I don't want to comment in too much detail on this story since I freely admit to not having properly done my homework, but I will note that my default position on this kind of issue is that we (yes, all of us) are better off in those cases where data is able to be made available on an 'open' rather than 'proprietary' basis and I think this view of the world definitely applies in this case.

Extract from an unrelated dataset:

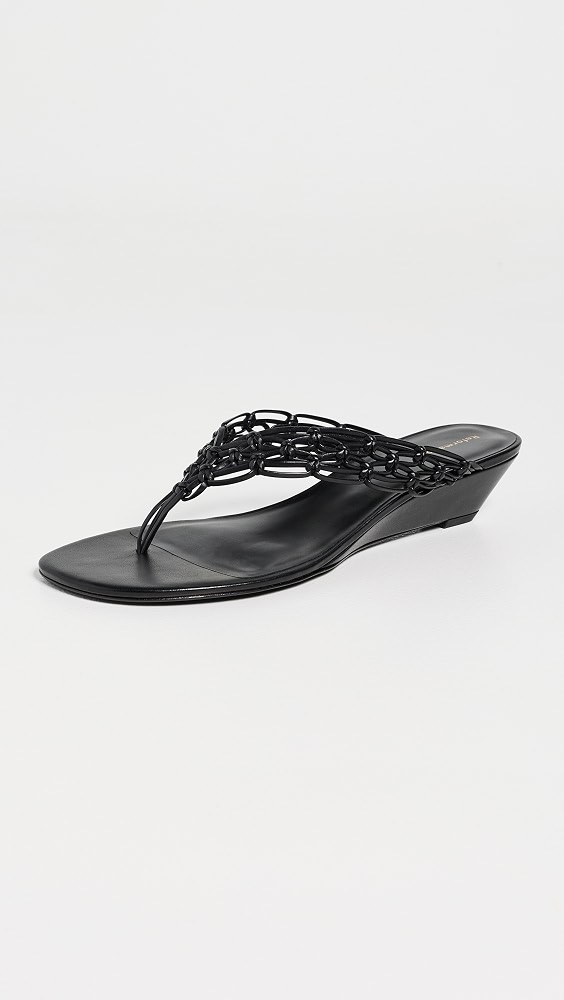 Libby Wedge Sandals - Black Leather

The Guardian story is somewhat simplistic, IMHO, not on the question of 'open' vs. 'closed' but on how easy it would be for such data, assuming that it was to be made openly available, to get into search engines (by which I assume the article really means Google?) in a meaningful way.  Flooding the Web with multiple copies of metadata about multiple copies of books is non-trivial to get right (just think of the issues around sensibly assigning 'http' URIs to this kind of stuff for example) such that link counting, ranking of books vs. other Web resources, and providing access to appropriate copies can be done sensibly.  There has to be some point of 'concentration' (to use Lorcan Dempsey's term) around which such things can happen - whether that is provided by Google, Amazon, Open Library, OCLC, Talis, the Library of Congress or someone else.  Too many points of concentration and you have a problem... or so it seems to me.

December 18, 2008

JISC IE and e-Research Call briefing day

I attended the briefing day for the JISC's Information Environment and e-Research Call in London on Monday and my live-blogged notes are available on eFoundations LiveWire for anyone that is interested in my take on what was said.

Quite an interesting day overall but I was slightly surprised at the lack of name badges and a printed delegate list, especially given that this event brought together people from two previously separate areas of activity. Oh well, a delegate list is promised at some point.  I also sensed a certain lack of buzz around the event - I mean there's almost £11m being made available here, yet nobody seemed that excited about it, at least in comparison with the OER meeting held as part of the CETIS conference a few weeks back.  At that meeting there seemed to be a real sense that the money being made available was going to result in a real change of mindset within the community.  I accept that this is essentially second-phase money, building on top of what has gone before, but surely it should be generating a significant sense of momentum or something... shouldn't it?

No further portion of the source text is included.